Вышли по боевой тревоге в бухту Саранная. Срочное погружение. И тут заклинили рули. Сработала аварийная защита реактора.
Ситуация: неуправляемая лодка с рулями на погружение набирает глубину. Бутаков командует: «Всем турбинам реверс на высоких оборотах!» Но винт не вращается. Хода нет. Это страшно.
Боцман докладывал глубину в непрерывном режиме. Летим вниз на скорости.
Я — вахтенный офицер боевого информационного поста Силсу в центральном посту, и мне хорошо видно, как лысина нашего механика сначала побелела, потом покраснела, потом посинела.
Мне показалось, что никто не знает, что теперь делать. Мы проваливались в океанскую пучину. Взгляд уперся в фотокарточку жены, прикрепленную к пульту. Мысленно прощаюсь с Ниной, с надеждой на нашу встречу…
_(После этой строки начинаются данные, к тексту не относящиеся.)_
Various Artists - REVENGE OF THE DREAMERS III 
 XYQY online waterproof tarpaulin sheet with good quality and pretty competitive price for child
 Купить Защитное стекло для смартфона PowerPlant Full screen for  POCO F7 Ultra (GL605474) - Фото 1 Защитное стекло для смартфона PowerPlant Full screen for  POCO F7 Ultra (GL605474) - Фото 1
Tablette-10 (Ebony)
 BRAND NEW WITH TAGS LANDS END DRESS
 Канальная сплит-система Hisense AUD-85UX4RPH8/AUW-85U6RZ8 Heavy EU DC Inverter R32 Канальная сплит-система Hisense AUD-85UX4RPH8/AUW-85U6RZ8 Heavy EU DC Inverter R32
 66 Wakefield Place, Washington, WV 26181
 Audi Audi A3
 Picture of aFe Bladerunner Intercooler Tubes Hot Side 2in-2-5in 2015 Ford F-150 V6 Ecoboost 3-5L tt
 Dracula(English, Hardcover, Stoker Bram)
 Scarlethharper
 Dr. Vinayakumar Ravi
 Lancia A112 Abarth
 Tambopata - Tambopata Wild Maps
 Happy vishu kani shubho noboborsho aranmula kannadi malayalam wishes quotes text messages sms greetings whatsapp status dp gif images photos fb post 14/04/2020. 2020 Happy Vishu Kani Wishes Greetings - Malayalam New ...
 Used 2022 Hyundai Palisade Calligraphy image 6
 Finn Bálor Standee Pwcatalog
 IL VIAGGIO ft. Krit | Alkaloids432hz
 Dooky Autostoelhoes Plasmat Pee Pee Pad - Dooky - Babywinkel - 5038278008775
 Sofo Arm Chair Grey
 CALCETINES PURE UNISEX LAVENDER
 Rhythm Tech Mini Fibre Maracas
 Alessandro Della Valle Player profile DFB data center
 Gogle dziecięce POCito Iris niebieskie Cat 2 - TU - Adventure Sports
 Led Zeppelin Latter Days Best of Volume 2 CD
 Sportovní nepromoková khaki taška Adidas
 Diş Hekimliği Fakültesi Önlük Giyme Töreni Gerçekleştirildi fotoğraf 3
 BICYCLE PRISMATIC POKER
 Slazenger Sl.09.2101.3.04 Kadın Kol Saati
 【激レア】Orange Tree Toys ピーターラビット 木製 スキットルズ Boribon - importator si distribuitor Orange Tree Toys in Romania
Контр-адмирал Григорий Бутаков:
— Под килем пять километров. Боцман непрерывно докладывает: «Глубина 170 метров, лодка быстро погружается… Дифферент на нос растет! Глубина 175 метров, лодка быстро погружается… Глубина… Быстро погружается… Дифферент на нос растет…» Голос боцмана все тревожнее и тревожнее. Рядом со мной — наш механик, командир БЧ-5 Илья Железнов. Он твердит, как зацикленный: «Товарищ командир, сейчас будет ход. Товарищ командир, сейчас будет ход…» Но хода нет! Лысина механика чудовищно багровеет. Он-то первым понял, что пришел нам полный абзац.
Хода нет.
Стали продувать цистерны. И как назло — там закусило, там отказ. У личного состава шок!
Заорал, чтоб продуть все аварийным продуванием. Все выдули. Даже командирскую группу.
Боцман докладывает: «Глубина 207 метров, лодка встала».
Знаю, что после 200 метров продувание цистерн главного балласта малоэффективно. Всплывать с такой глубины можно только за счет хода, когда под корпусом и рулями возникает подъемная гидродинамическая сила. Но хода нет, как не было, несмотря на все заклинания механика. И мы уже за 200-метровой отметкой. Но лодка встала… Надолго ли? Куда она пойдет — вниз или вверх? От нас уже ничего не зависело. Судьба наша решалась на точнейших аптечных весах. На одной чаше весов — законы физики, на другой — наши молитвы. Томительнейшие секунды.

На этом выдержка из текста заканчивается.